== Task ==
Will you output all of the data below exactly, omitting the images?

== Stored data ==
* * *
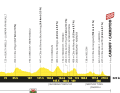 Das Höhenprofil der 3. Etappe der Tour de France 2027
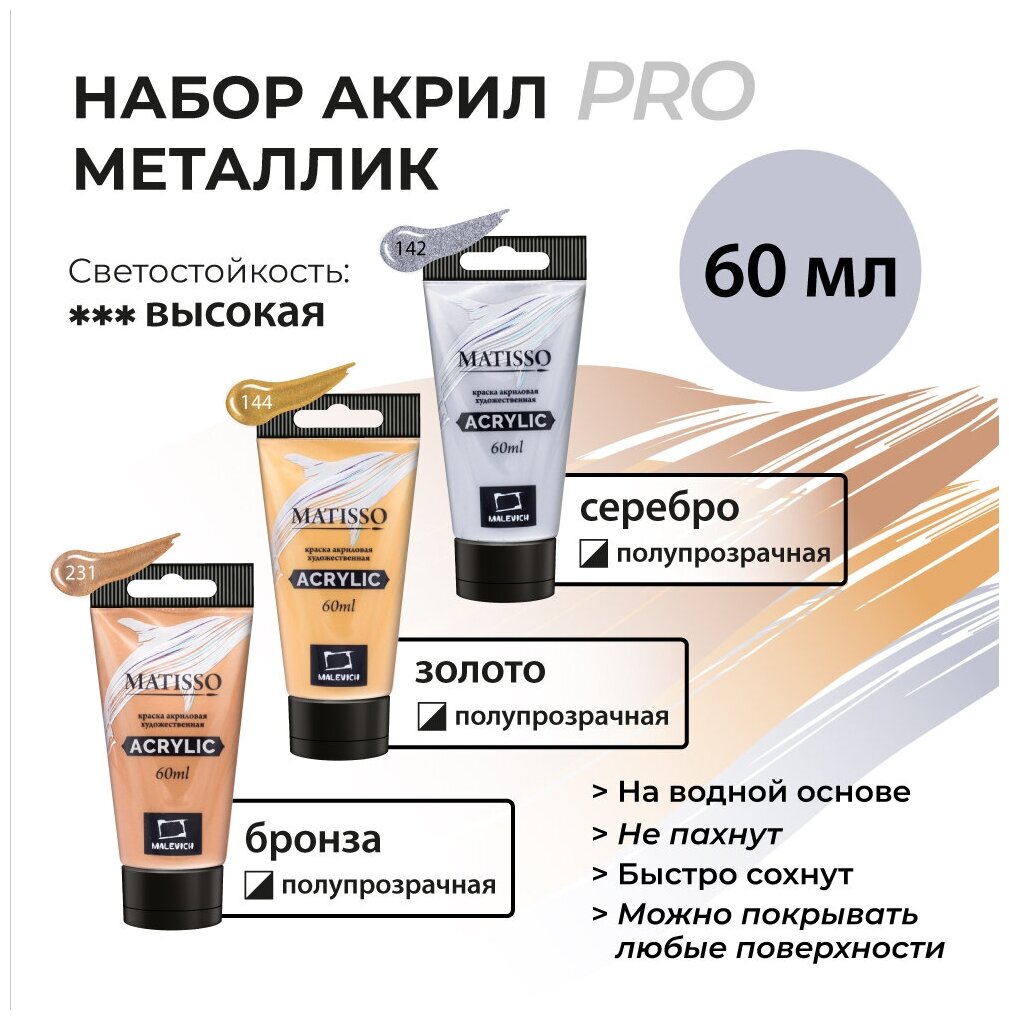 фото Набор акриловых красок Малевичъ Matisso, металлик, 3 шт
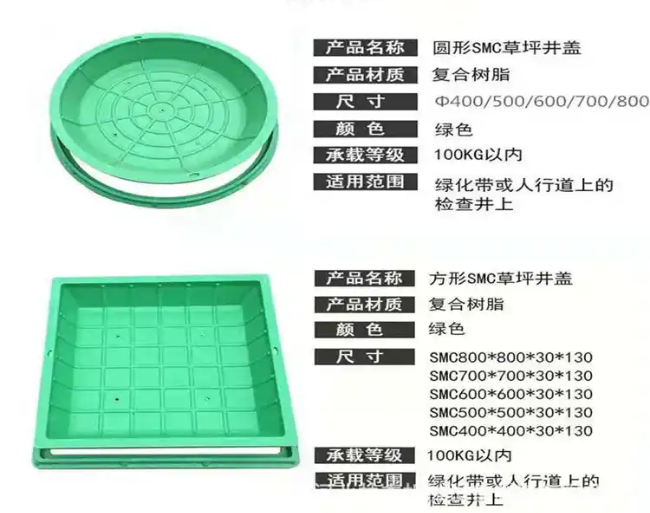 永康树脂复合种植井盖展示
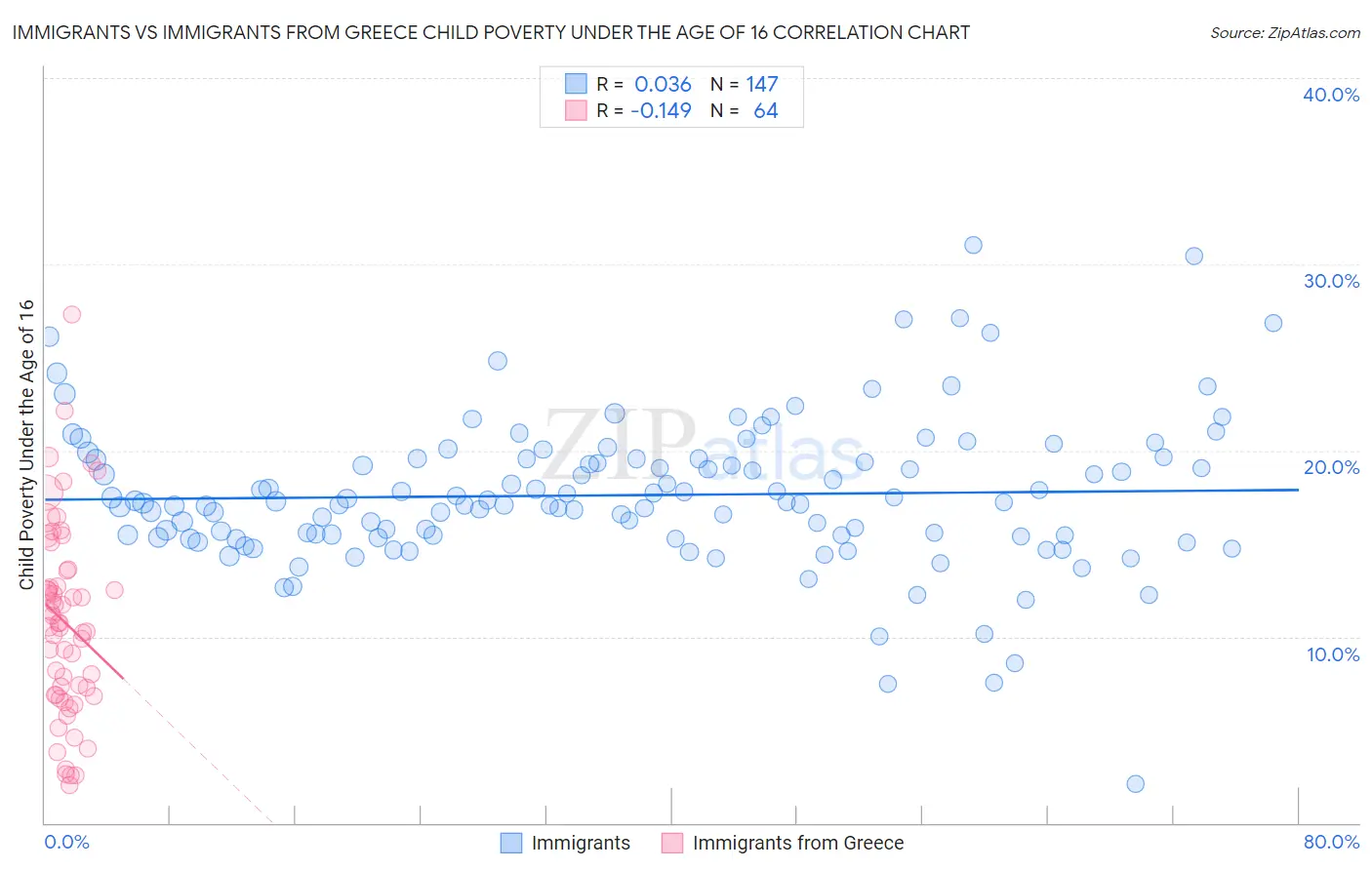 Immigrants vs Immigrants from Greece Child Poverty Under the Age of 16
* * *
== Answer to this problem ==
 Das Höhenprofil der 3. Etappe der Tour de France 2027
 фото Набор акриловых красок Малевичъ Matisso, металлик, 3 шт
 永康树脂复合种植井盖展示
 Immigrants vs Immigrants from Greece Child Poverty Under the Age of 16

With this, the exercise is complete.